[Required action]
Every line from the one with "-泡泡玛特POPMART(侨福芳草地店)" through the last line below should be repeated exactly; pictures stay out of the copy.

[Data shown]
┄┄┄┄┄┄┄┄┄┄

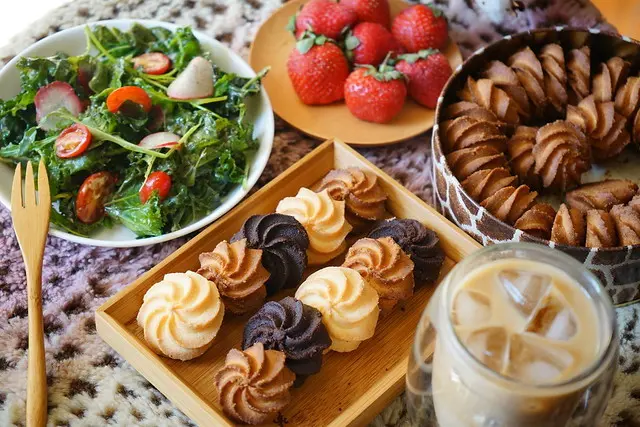 台中伴手禮推薦~短腿阿鹿又出了新口味 童話小屋般的漢口店好好拍 鹹香的帕瑪森起司口味太涮嘴 不知不覺就會吃掉一整盒 實在是太邪惡了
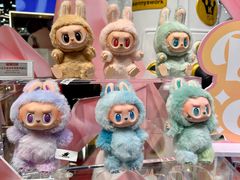 -泡泡玛特POPMART(侨福芳草地店)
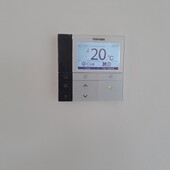 Nástěnný ovladač k jednotce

┄┄┄┄┄┄┄┄┄┄

[Result for this task]
 -泡泡玛特POPMART(侨福芳草地店)
 Nástěnný ovladač k jednotce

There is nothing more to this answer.